Jour de ressac / Maylis de Kerangal

Je marche sur les cailloux et le sol bouge sous mes pas. Il roule et se fragmente, il rague dans un bruit de chaînes lourdes. Il faudrait que j’accélère pour ne pas tomber, que je me lance, effleurant la surface de la pointe des pieds pour rebondir d’un galet à l’autre, hop, hop, exactement comme je courais ici, enfant, les cuisses fraîches, un crabe au creux de la main. Mais je vais lentement, les chevilles tordues et les pieds lapidés ; je cherche quelque chose, une pierre – sachant que chercher une pierre sur une plage de galets est de la folie douce.

C’est un peu par hasard que j’ai lu ce roman, attirée par son titre, et sa description. Je connaissais déjà l’autrice, figure incontournable de la littérature française contemporaine, mais à part Réparer les vivants qui m’avait beaucoup touchée, j’avais beaucoup de mal à rentrer dans son écriture, que je trouvais parfois trop artificielle et ampoulée. Et avais perdu la curiosité de la lire.

Et puis je me suis dit pourquoi pas tiens, les envies c’est comme les vagues ça afflue et ça reflue, ça ne s’explique pas toujours. Bien m’en a pris, car ce récit à la fois personnel, historique et géographique est à découvrir. Le point de départ est simple, et déstabilisant à la fois : la narratrice est contactée par la police du Havre car le corps d’un homme a été découvert, et il y a un lien avec elle.
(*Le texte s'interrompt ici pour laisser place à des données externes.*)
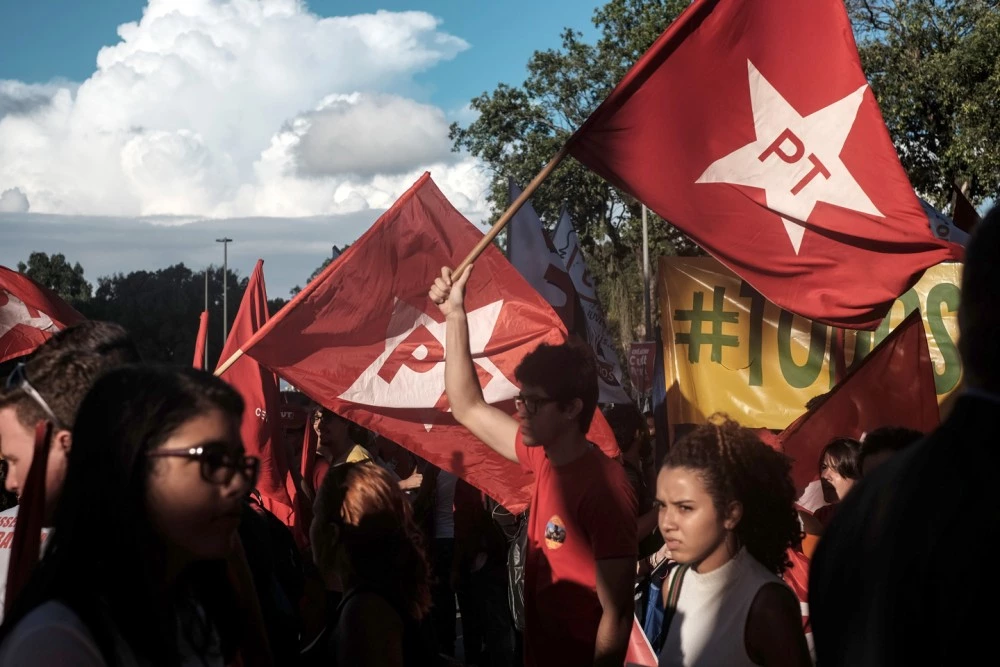 Workers' Party (PT) supporters demonstrate in support of President Dilma Rousseff and former President Luiz Inacio Lula da Silva in Rio de Janeiro, Brazil, on March 18, 2016. Brazilian President Dilma Rousseff's supporters took to the streets Friday to fight back at attempts to oust her, as a flurry of court battles raged over her controversial cabinet appointment of predecessor Luiz Inacio Lula da Silva. AFP PHOTO / YASUYOSHI CHIBA / AFP / YASUYOSHI CHIBA        (Photo credit should read YASUYOSHI CHIBA/AFP/Getty Images)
« J’ai balbutié : quoi ? quelle affaire ? Le policier m’a déclaré que le corps d’un homme avait été retrouvé il y a deux jours sur la voie publique, au Havre, un individu non identifié, que j’étais censée pouvoir fournir des informations, qu’il fallait que je vienne. »

Totalement perturbée, elle en oublie de demander son identité, happée par les souvenirs d’un lieu qui lui est devenu lointain. La ville où elle a grandi. C’est jour de ressac, la mer charrie tout ce qui est enfoui pour le rejeter devant soi. Il faut y retourner, la boule au ventre. Retrouver ce qu’elle a volontairement ou pas laissé derrière elle. Subir un interrogatoire, voir des images difficiles, celle d’un corps sans vie. Mais là toujours rien, elle ne reconnaît pas ce visage d’éternel endormi. Une intrigue de plus.

Ne vous méprenez pas, ce roman n’est pas un polar, ni une enquête au sens propre du terme. C’est une plongée dans les questionnements de la narratrice et dans sa vie intime. Confronter la femme adulte qu’elle est devenue à l’adolescente qui arpentait les rues du Havre. Ressasser ses souvenirs, voir réapparaître des visages enfouis depuis longtemps au fond de sa mémoire. Y mêler l’Histoire d’une ville, sa côte aux tons gris, et la mer, omniprésente.

Maylis de Kerangal décrit ici avec beaucoup de justesse ces moments où un grain de sable vient détraquer une vie réglée et stable en apparence. Elle brosse finement ses personnages, nous emmène dans ses déambulations, et fait de ce court récit un moment hors du temps.

Jour de ressac, Maylis de Kerangal. Editions Gallimard (collection Verticales), 2024.